WHAT THE TASK ASKS » Copy the final lines exactly, starting at the one that contains "all. So stick" and ending with the last line of the listing below. Pictures are not part of the copy.

=== Section Start ===

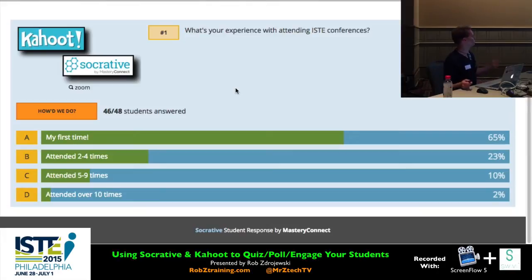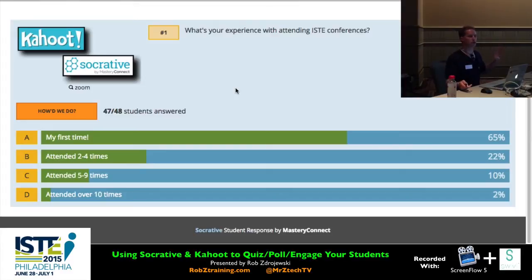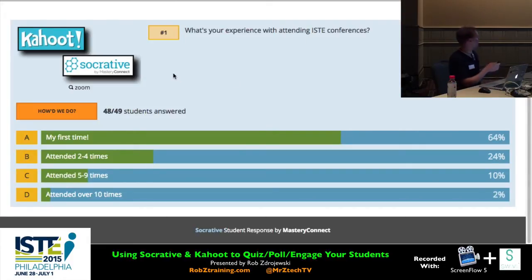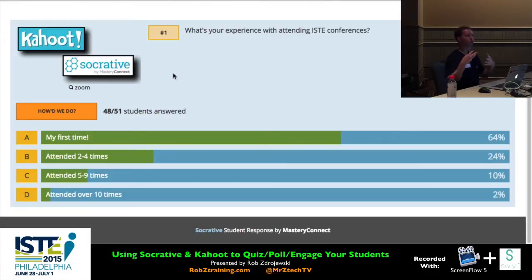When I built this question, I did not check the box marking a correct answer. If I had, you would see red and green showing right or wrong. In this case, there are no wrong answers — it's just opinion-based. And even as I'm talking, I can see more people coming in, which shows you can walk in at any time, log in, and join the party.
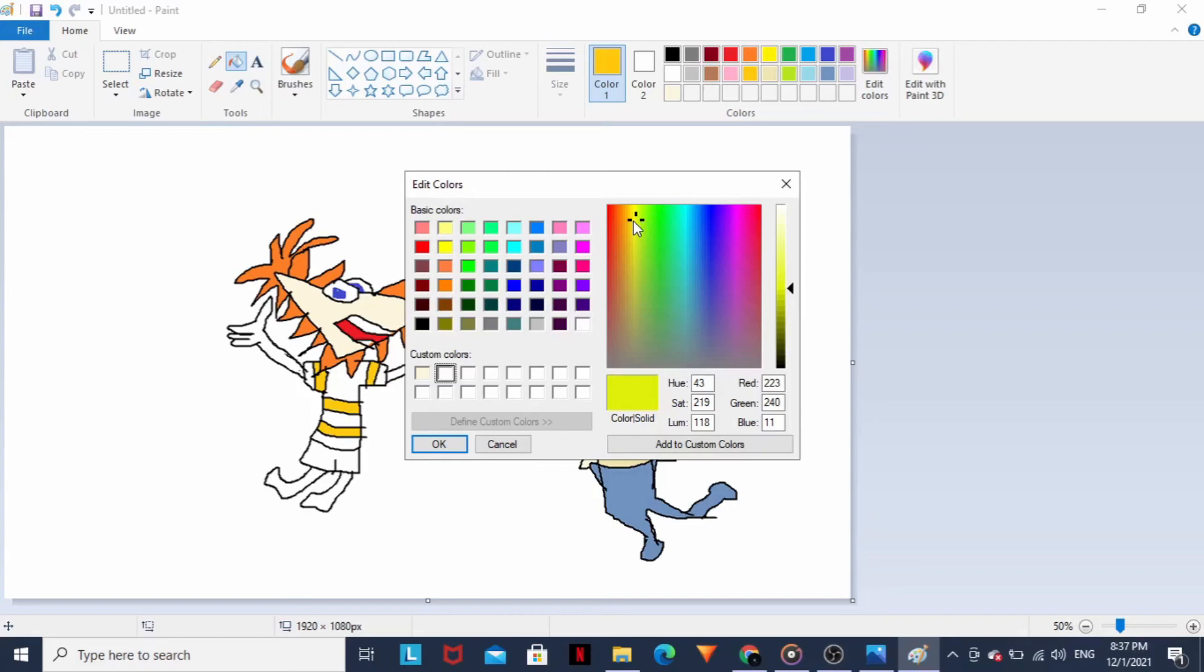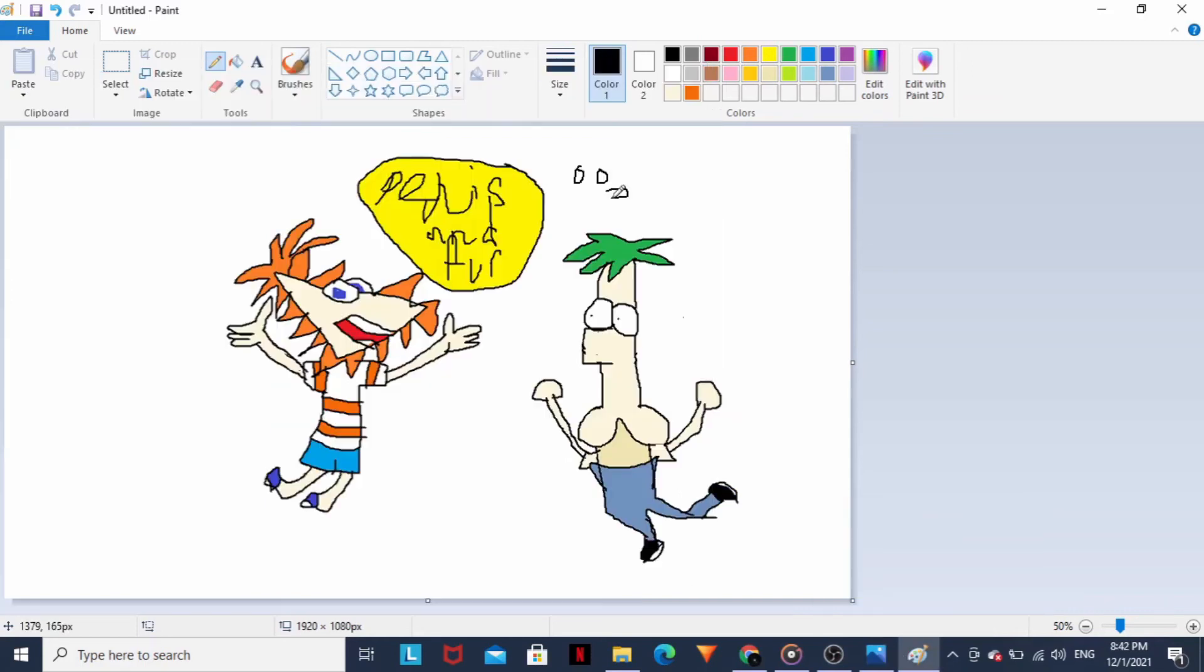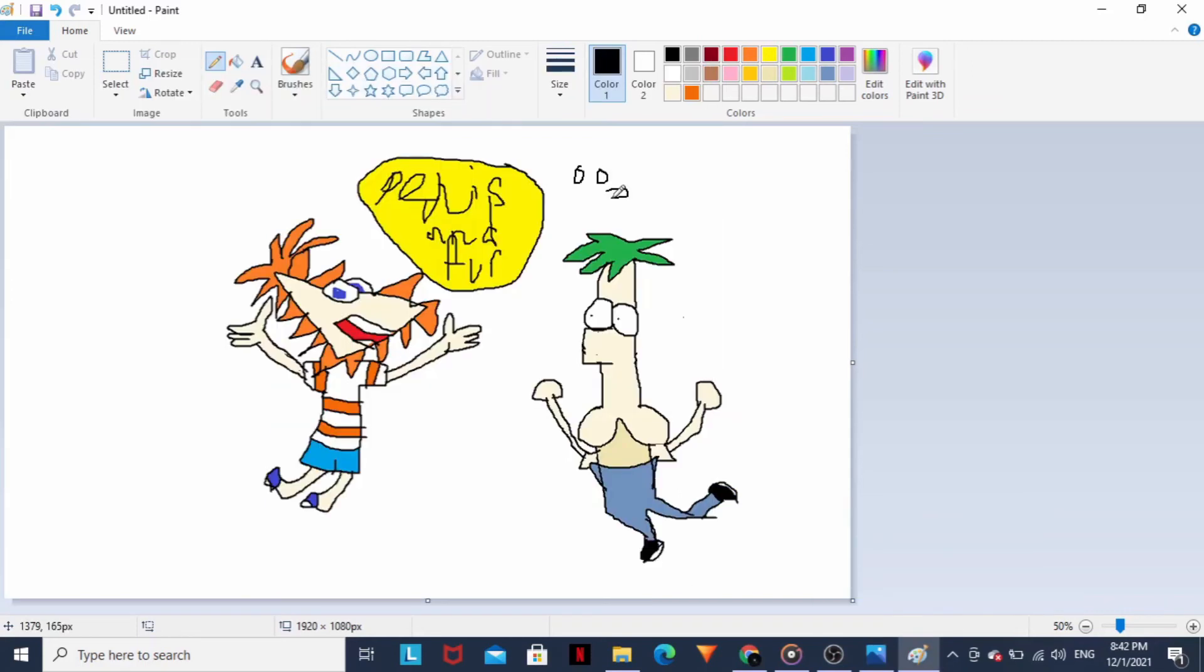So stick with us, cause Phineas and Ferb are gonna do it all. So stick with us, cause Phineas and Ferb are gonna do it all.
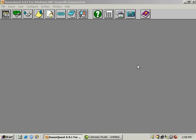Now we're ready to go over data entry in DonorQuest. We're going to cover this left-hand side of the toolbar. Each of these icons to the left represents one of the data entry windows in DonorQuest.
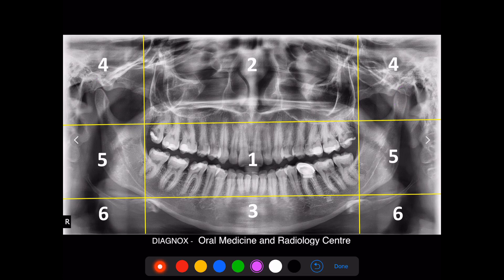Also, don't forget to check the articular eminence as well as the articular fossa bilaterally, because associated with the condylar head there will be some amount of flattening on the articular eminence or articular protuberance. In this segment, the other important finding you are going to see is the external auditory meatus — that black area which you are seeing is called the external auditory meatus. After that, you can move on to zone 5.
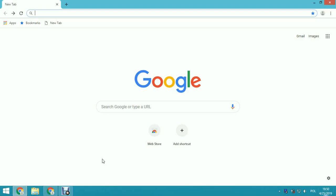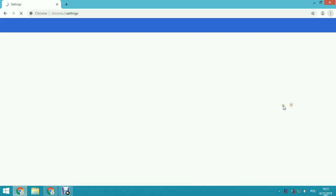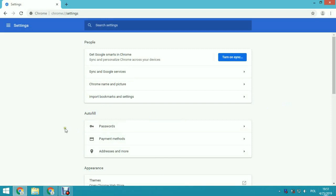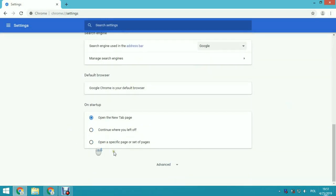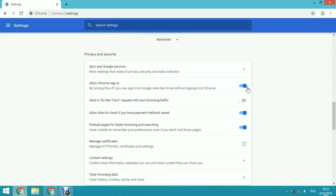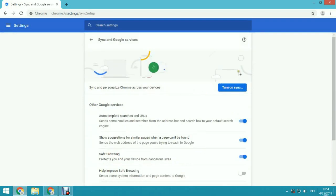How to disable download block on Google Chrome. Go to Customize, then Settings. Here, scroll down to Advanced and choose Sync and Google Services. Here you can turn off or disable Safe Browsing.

=== Section End ===

EXERCISE SOLUTION »
So stick with us, cause Phineas and Ferb are gonna do it all. So stick with us, cause Phineas and Ferb are gonna do it all.
Now we're ready to go over data entry in DonorQuest. We're going to cover this left-hand side of the toolbar. Each of these icons to the left represents one of the data entry windows in DonorQuest.
Also, don't forget to check the articular eminence as well as the articular fossa bilaterally, because associated with the condylar head there will be some amount of flattening on the articular eminence or articular protuberance. In this segment, the other important finding you are going to see is the external auditory meatus — that black area which you are seeing is called the external auditory meatus. After that, you can move on to zone 5.
How to disable download block on Google Chrome. Go to Customize, then Settings. Here, scroll down to Advanced and choose Sync and Google Services. Here you can turn off or disable Safe Browsing.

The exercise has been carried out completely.